Can I take this derivative?

Question

I'm trying to solve this question in the classical Do Carmo's differential geometry book (page 23):

5. A regular parametrized curve $\alpha$ has the property that all its tangent lines pass through a fixed point. Prove that the trace of $\alpha$ is a (segment of a) a straight line.

Following the statement of the question, we have $\alpha(s)+\lambda(s)\alpha'(s)=const$.

Taking the derivative of both sides we have $\alpha'(s)+\lambda'(s)\alpha'(s)+\lambda(s)\alpha''(s)=0$ which is equal to $(1+\lambda'(s))\alpha'(s)+\lambda(s)\alpha''(s)=0$.

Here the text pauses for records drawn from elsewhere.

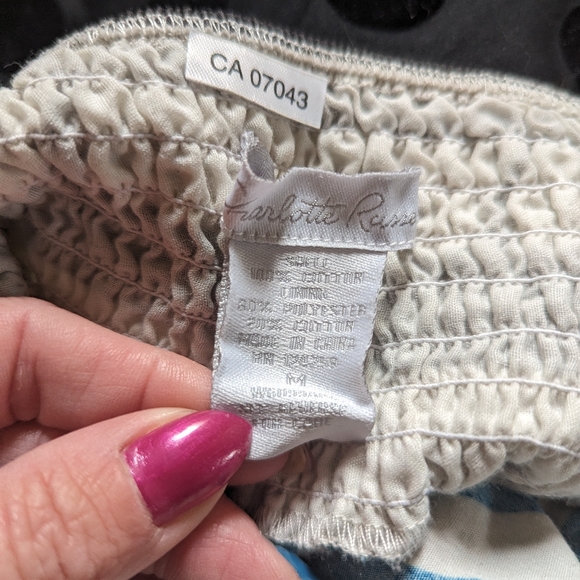 Charlotte Russe Sundress - Ladies Size Medium - Picture 3 of 3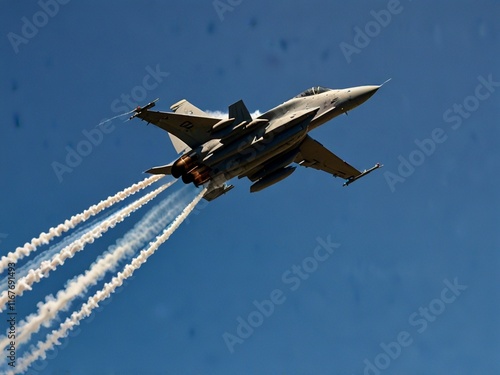 f 16 fighter jet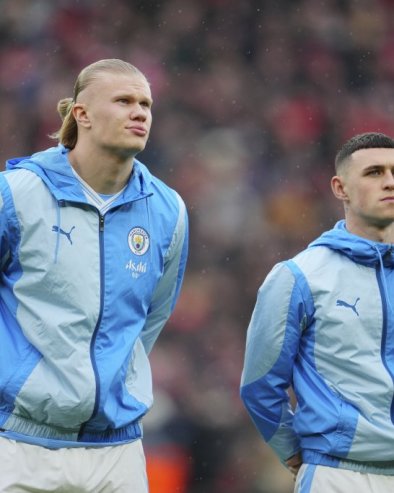 ФОДЕН ПРЕТИ ХОЛАНДУ: Норвежанин је краљ стрелаца, али Енглез је ефикаснији у последњих седам Ситијевих мечева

So before I continue my attempt of solution I realized that maybe I can't take this derivative above because I don't know if $\lambda$ is differentiable.

Can I take the derivative above?

Answer 1

Note that you were only given a regular parametrized curve, not an arclength-parametrized curve, although of course you could reparametrize by arclength. But what regularity tells you is that $\alpha'(t)\cdot\alpha'(t) > 0$ for all $t$.

So let's take your equation $$\alpha(t)+\lambda(t)\alpha'(t) = P,$$ where $P$ is a constant vector, and subtract $\alpha(t)$ from both sides. Now dot with $\alpha'(t)$ and we get $$\lambda(t) = \frac{(P-\alpha(t))\cdot\alpha'(t)}{\|\alpha'(t)\|^2}.$$ The denominator is never $0$, and both numerator and denominator are smooth functions of $t$, so $\lambda$ is likewise a smooth function of $t$.

Answer 2

Because $\|\alpha'(s)\|\not=0$, you can scalar multiply by $\alpha'(s)$ and rearrange for $\lambda(s)$:

$$\lambda(s)=\frac{\mathrm{const}-\langle\alpha(s),\alpha'(s)\rangle}{\|\alpha'(s)\|^2}.$$

As everything on the right is differentiable (assuming $\alpha\in C^2$), so is $\lambda(s)$.